5. Non-Competition; Non-Solicitation; Non-Disparagement.
(a) The Officer acknowledges that, as a senior management employee, the Officer will be involved, on a high level, in the development, implementation and management of the Company’s global business plans, including those which involve the Company’s finances, research, marketing, planning, operations, and acquisition strategies. By virtue of the Officer’s position and knowledge of the Company, the Officer acknowledges that his employment by a competitor of the Company represents a serious competitive danger to the Company, and that the use of the Officer’s experience and knowledge about the Company’s business, strategies and plans by a competitor can and would constitute a valuable competitive advantage over the Company.

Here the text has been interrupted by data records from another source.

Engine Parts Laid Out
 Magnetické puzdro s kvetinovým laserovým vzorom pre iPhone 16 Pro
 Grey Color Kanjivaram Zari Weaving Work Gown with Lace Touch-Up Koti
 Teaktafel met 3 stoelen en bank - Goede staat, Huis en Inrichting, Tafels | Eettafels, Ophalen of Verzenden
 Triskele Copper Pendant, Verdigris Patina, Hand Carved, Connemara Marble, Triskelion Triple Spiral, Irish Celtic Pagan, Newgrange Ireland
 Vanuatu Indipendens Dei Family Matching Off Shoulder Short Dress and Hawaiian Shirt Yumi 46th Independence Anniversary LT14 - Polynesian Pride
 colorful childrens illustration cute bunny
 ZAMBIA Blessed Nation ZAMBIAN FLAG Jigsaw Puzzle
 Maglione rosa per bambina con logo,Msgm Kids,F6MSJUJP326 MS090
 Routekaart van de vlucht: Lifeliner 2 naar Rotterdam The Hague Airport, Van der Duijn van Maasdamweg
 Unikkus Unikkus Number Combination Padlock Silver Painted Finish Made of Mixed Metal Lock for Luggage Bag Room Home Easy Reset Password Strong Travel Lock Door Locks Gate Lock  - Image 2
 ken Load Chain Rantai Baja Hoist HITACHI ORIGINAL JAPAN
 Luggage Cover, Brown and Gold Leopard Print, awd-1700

In view of the foregoing, and in consideration of the payments made to the Officer under this Agreement, the Officer covenants and agrees that, if the Officer’s employment is terminated and the Company has fulfilled its obligations under this Agreement, for a period of one year (or one and one-half years if the Officer receives payments under Section 3(c)(i) or 3(d) hereof) after the Date of Termination the Officer will not (A) engage, in any capacity, directly or indirectly, including but not limited as employee, agent, consultant, manager, Officer, owner or stockholder (except as a passive investor holding less than a 5% equity interest in any enterprise) in any business entity engaged in competition with the Business conducted by the Company on the Date of Termination anywhere in the world, or (B) solicit a customer of the Business in violation of clause (A), provided, that the Officer may be employed by a competitor of the Company so long as the Officer’s duties and responsibilities do not relate directly or indirectly to the business segment of the new employer which is actually or potentially competitive with the Business, or (C) directly or indirectly solicit, induce or otherwise encourage any person to discontinue or refrain from entering into any employment relationship (contractual or otherwise) with the Company.
(b) The Company (for itself and its officers and directors) and the Officer mutually agree and covenant not to disparage the reputation or character of the other.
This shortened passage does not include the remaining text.